In your teenage years, parents cramp your style by chaperoning your senior prom or volunteering at the football game snack shack. But when you're an adult, your parents can do far worse than embarrass you. They can ruin your prospects for a comfortable retirement if they didn't save enough during their working years.

Research over the last several years confirms that seniors are increasingly receiving financial help from their adult children. In 2017, Pew Research Center estimated that 14% of adults living in someone else's home were parents of the head of household. That percentage has doubled since 1995. More recently, AARP found that 32% of adults between the ages of 40 and 64 had provided ongoing financial support to their elderly parents. Forty-two percent of respondents to the AARP survey said they expected to fund their parents in the future.

An elderly man uses a laptop as a younger woman looks on.

Image source: Getty Images.

Realizing your elderly parents can't support themselves puts you in an awkward spot. You feel obligated to help, but you worry about sabotaging your own retirement. Whether you're already fielding financial requests from your folks, or you suspect they'll need your help soon, here are three steps you can take to balance your parents' financial needs with your own.

1. Start the conversation

Talking openly with your parents about finances is challenging. Your folks may be embarrassed or unwilling to share details about their situation. Or you may feel you don't have the right to ask. Unfortunately, you'll have to get past this. Giving your parents money without an open line of communication will create resentment, and that complicates an already emotional situation.

PBS recommends kicking off the money conversation with your intentions. You care about your folks, and it's your intention to ensure they maintain a decent quality of life. You're best able to do that when you have some insight into their financial needs. Approach this topic gently -- you don't want to imply that your folks aren't capable of managing their own money. Position yourself as trustworthy and non-judgmental in order to open the door to more detailed financial conversations.

2. Help them budget

Offer to help your parents create a budget. Let them know how much this will help you with your own household budget: You can develop a more realistic plan to provide for them -- and yourself -- when you know what's going on with their spending. You can also help them identify savings opportunities that don't require major lifestyle changes. For example, you could:

  • Help them get new quotes on auto and home insurance.
  • Cancel old subscriptions they forgot they had.
  • Contact their utility companies to see if they have an even-pay program. This involves estimating their annual costs and splitting it up into 12 monthly payments to avoid seasonal spikes.
  • Negotiate new rates on cable and other services.
  • Automate their bill payments to help them avoid late fees.

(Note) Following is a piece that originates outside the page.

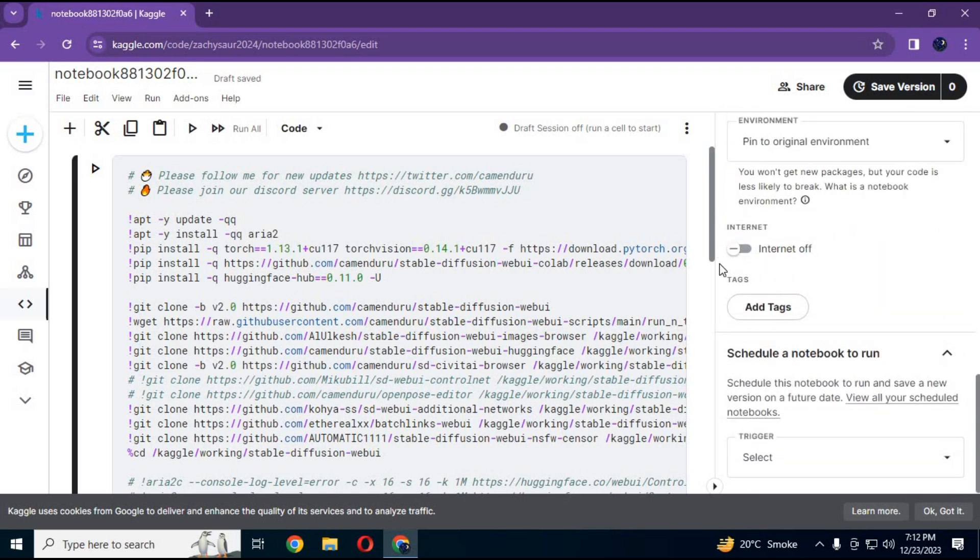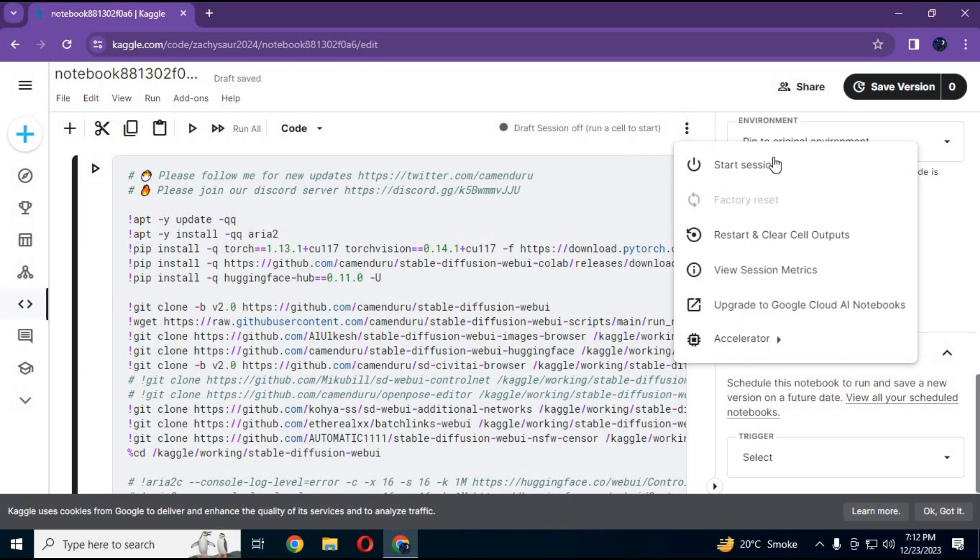After completing verification, the internet option will appear. Click on it to turn it on. Now you can use Kaggle and won't have any problems.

If your parents are new to budgeting, step in as their coach. Walk them through the process of totaling their income, and then use that total to set spending limits by category. Encourage them to take their new budget seriously, but let them know the world won't end if they slip up.

Talk them through different ways they can track their spending. Younger generations may gravitate toward apps and spreadsheets, for example, but your parents might prefer pen and paper. Whatever method they choose, schedule a weekly review with them so you can provide guidance and support as needed.

3. Communicate boundaries

If there's no way your parents' income will cover their expenses, then you have tough decisions to make. It's not productive to sacrifice contributions to your retirement accounts to support your folks. That only pushes the problem down to the next generation. Instead, brainstorm how you can support them in non-financial ways. You might help them explore downsizing or getting a reverse mortgage on their home. Or, you might offer them space at your house in lieu of writing them a check every month.

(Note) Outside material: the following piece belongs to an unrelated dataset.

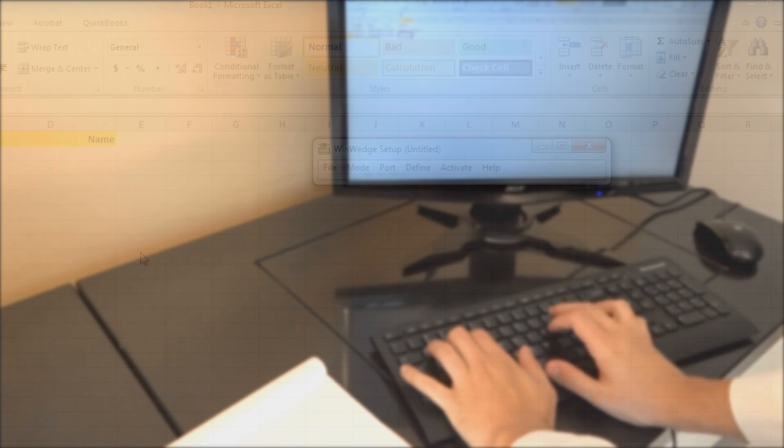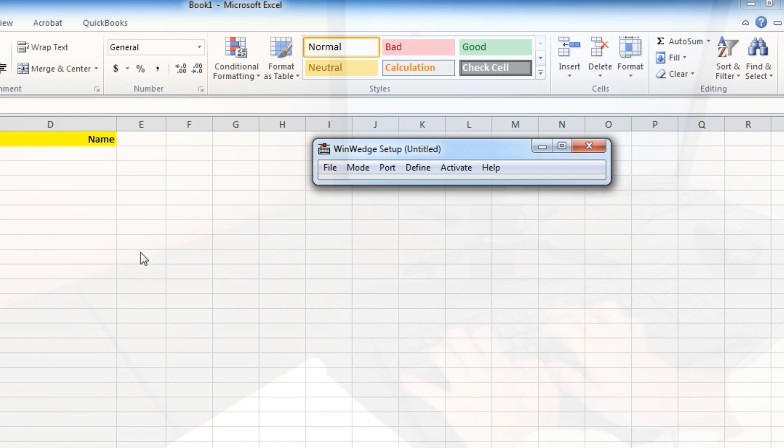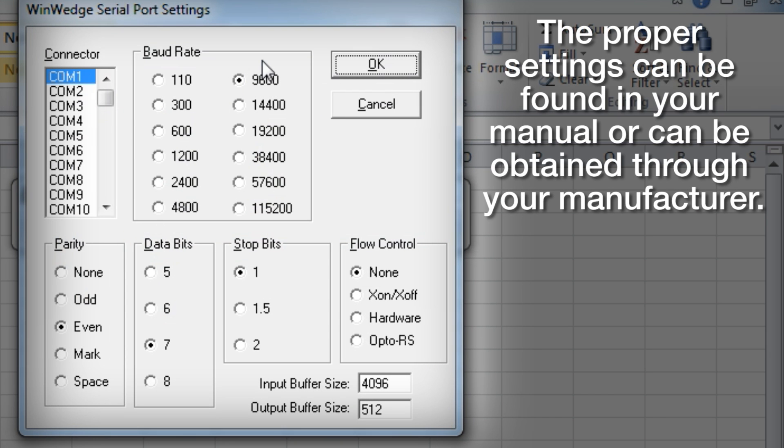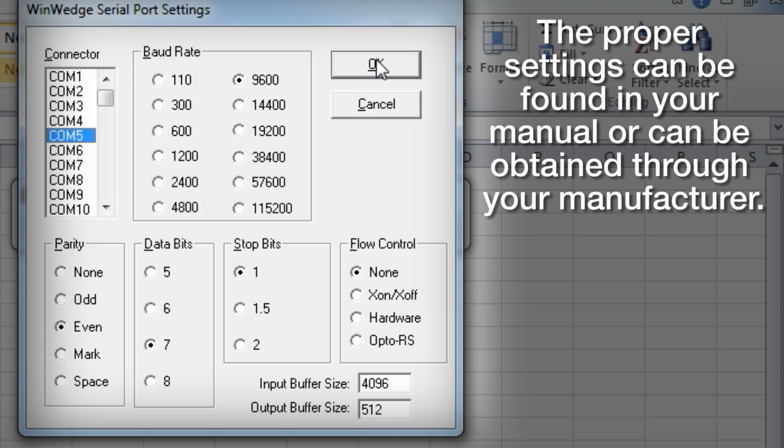Once you have your software installed and your weighing instrument connected, you will need to find your scale or balance's connectivity settings provided by the manufacturer to set up your software.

On the other hand, you may value your privacy above all else. In that case, rooming with your parents won't be an option.

The point is, decide where your boundaries are, financially and otherwise. Communicate these boundaries to your parents as positively as you can. And then, together, discuss solutions that work for everyone.

Partner with your parents

Solving your parents' financial woes requires compromise on both sides. They'll have to commit to a workable budget. And you might have to take the high road with respect to communication. That might mean forgetting about how they embarrassed you at prom all those years ago. And it definitely means being respectful and non-judgmental as you nudge them toward financial stability.

Minimize the impact to your own finances by helping them trim their spending, coaching them on best budgeting practices, and providing non-financial support where appropriate.